= Entries supplied =
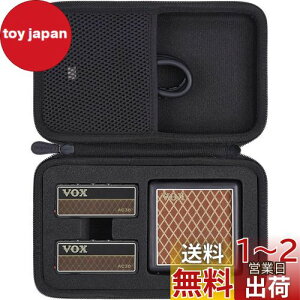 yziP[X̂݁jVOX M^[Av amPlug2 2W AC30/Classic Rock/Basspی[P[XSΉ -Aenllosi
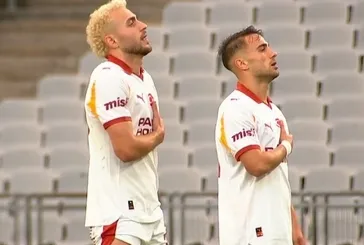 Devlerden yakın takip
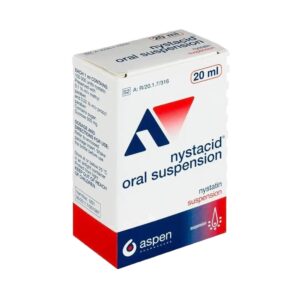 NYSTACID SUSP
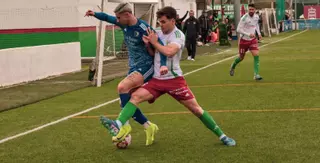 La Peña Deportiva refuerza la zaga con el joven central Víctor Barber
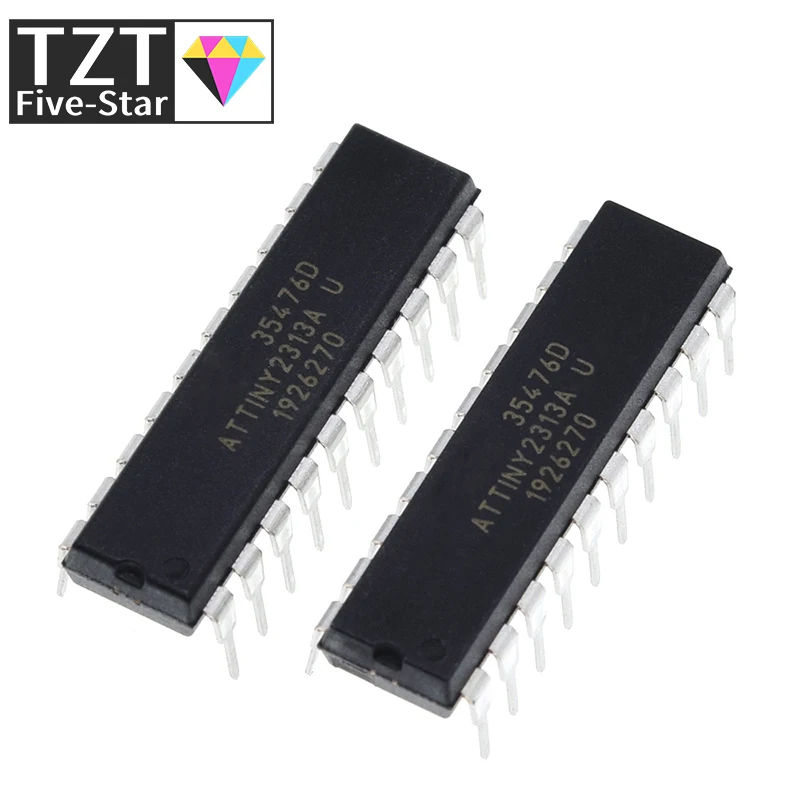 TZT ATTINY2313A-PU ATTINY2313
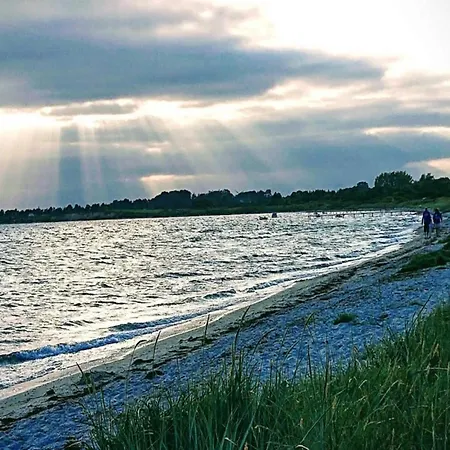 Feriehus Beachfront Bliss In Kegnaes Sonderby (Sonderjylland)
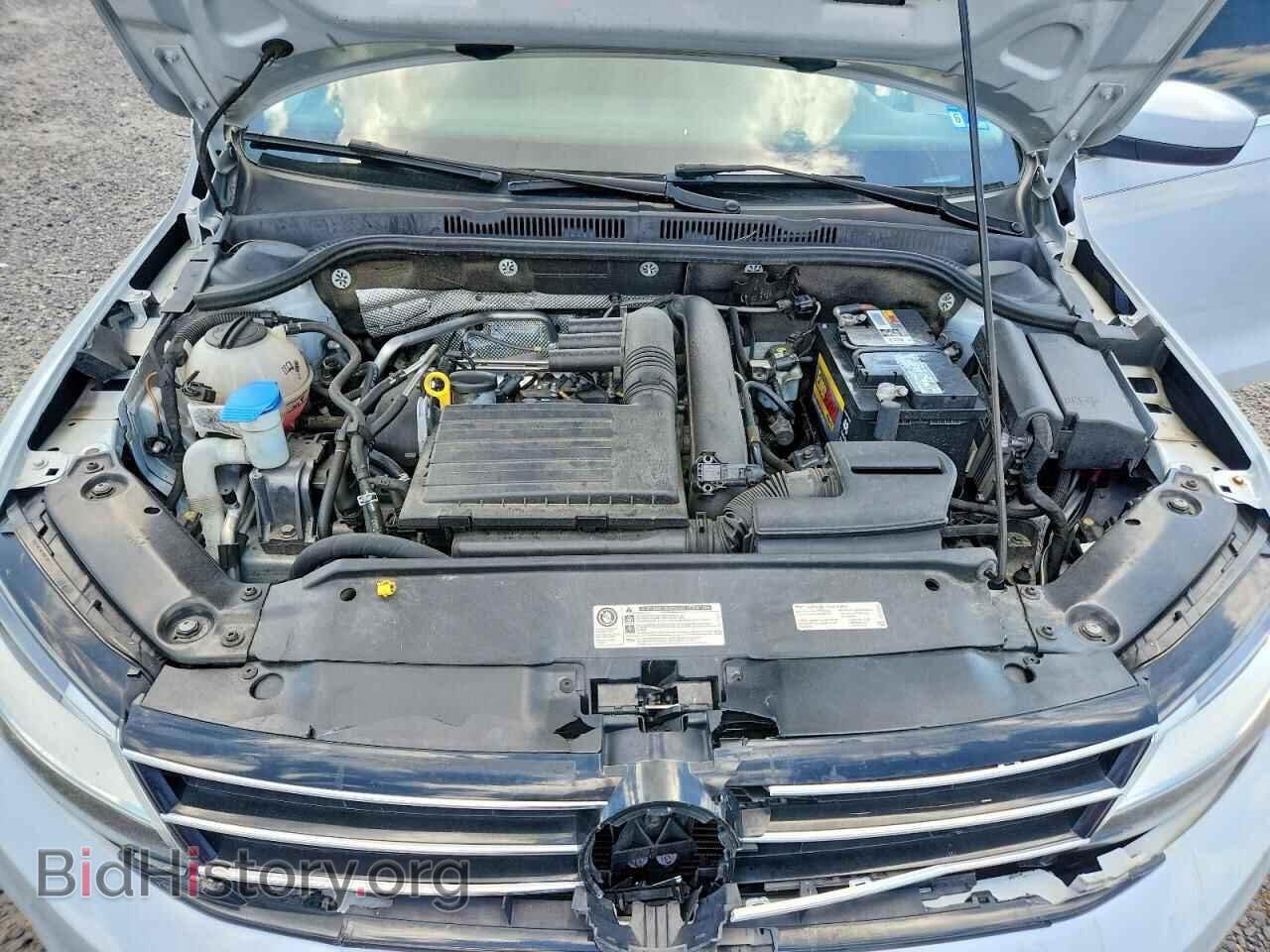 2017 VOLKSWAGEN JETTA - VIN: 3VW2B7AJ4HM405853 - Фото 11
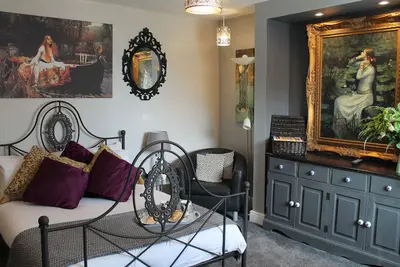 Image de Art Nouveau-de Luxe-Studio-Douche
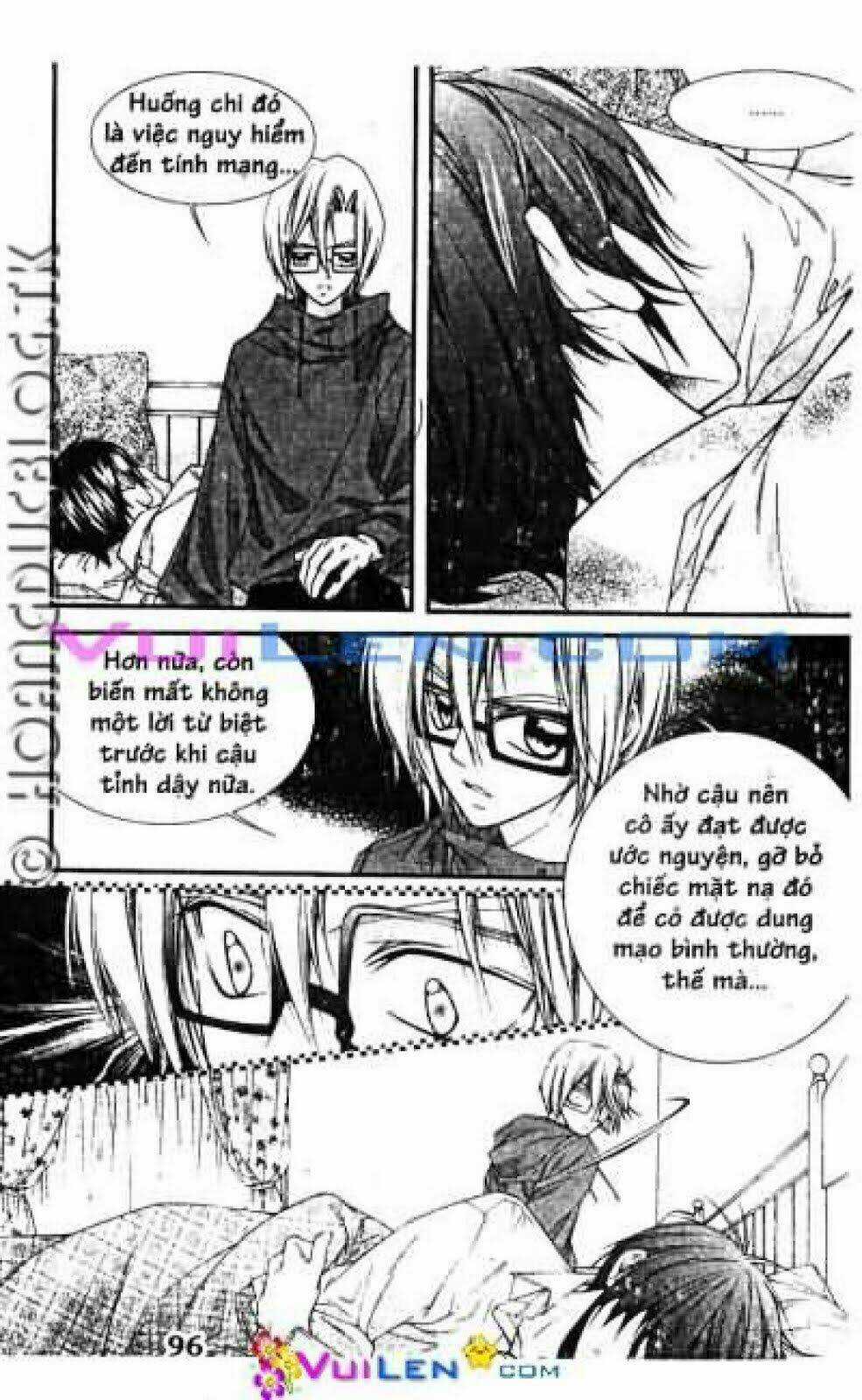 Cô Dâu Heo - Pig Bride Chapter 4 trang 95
...
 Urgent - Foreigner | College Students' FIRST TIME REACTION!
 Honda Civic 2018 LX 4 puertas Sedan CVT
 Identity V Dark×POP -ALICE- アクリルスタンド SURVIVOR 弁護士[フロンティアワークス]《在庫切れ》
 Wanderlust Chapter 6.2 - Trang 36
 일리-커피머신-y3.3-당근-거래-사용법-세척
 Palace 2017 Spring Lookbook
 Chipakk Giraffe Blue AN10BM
==
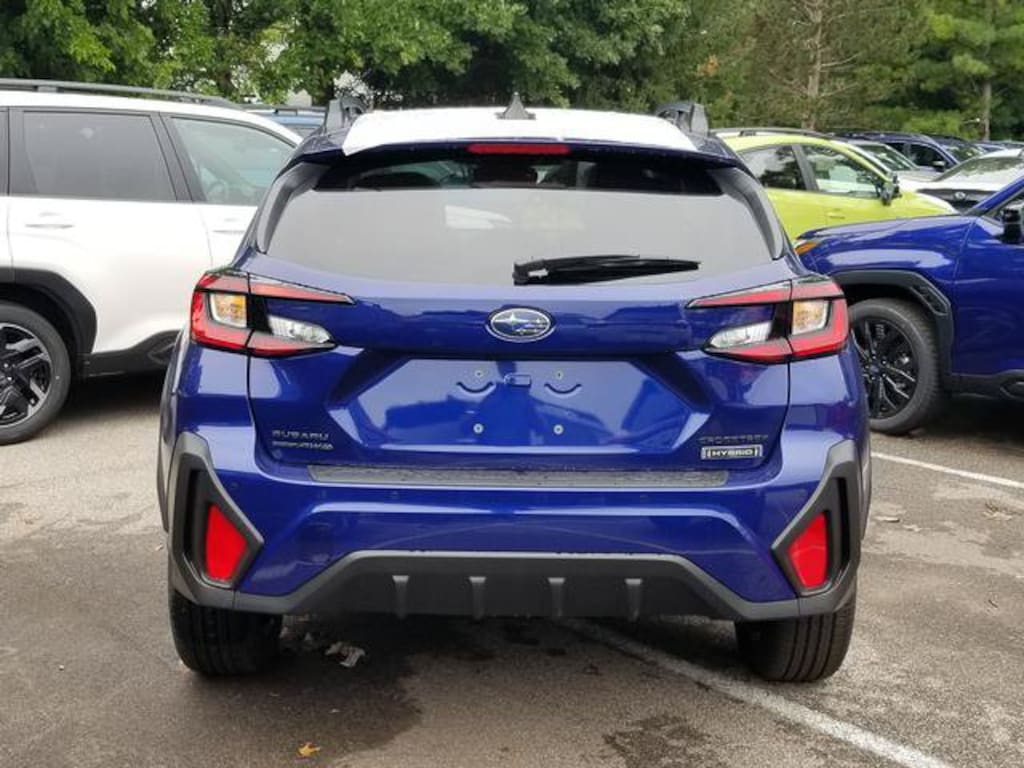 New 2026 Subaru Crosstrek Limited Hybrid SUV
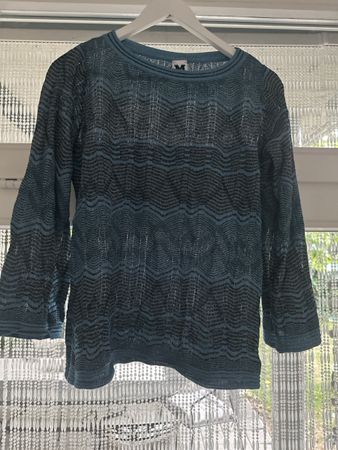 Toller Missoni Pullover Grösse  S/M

= What to work on =
Retype only this portion of the data above: the line containing "Identity V Dark×POP", the line containing "Chipakk Giraffe Blue AN10BM", and all lines between them, exactly.

= Your response =
 Identity V Dark×POP -ALICE- アクリルスタンド SURVIVOR 弁護士[フロンティアワークス]《在庫切れ》
 Wanderlust Chapter 6.2 - Trang 36
 일리-커피머신-y3.3-당근-거래-사용법-세척
 Palace 2017 Spring Lookbook
 Chipakk Giraffe Blue AN10BM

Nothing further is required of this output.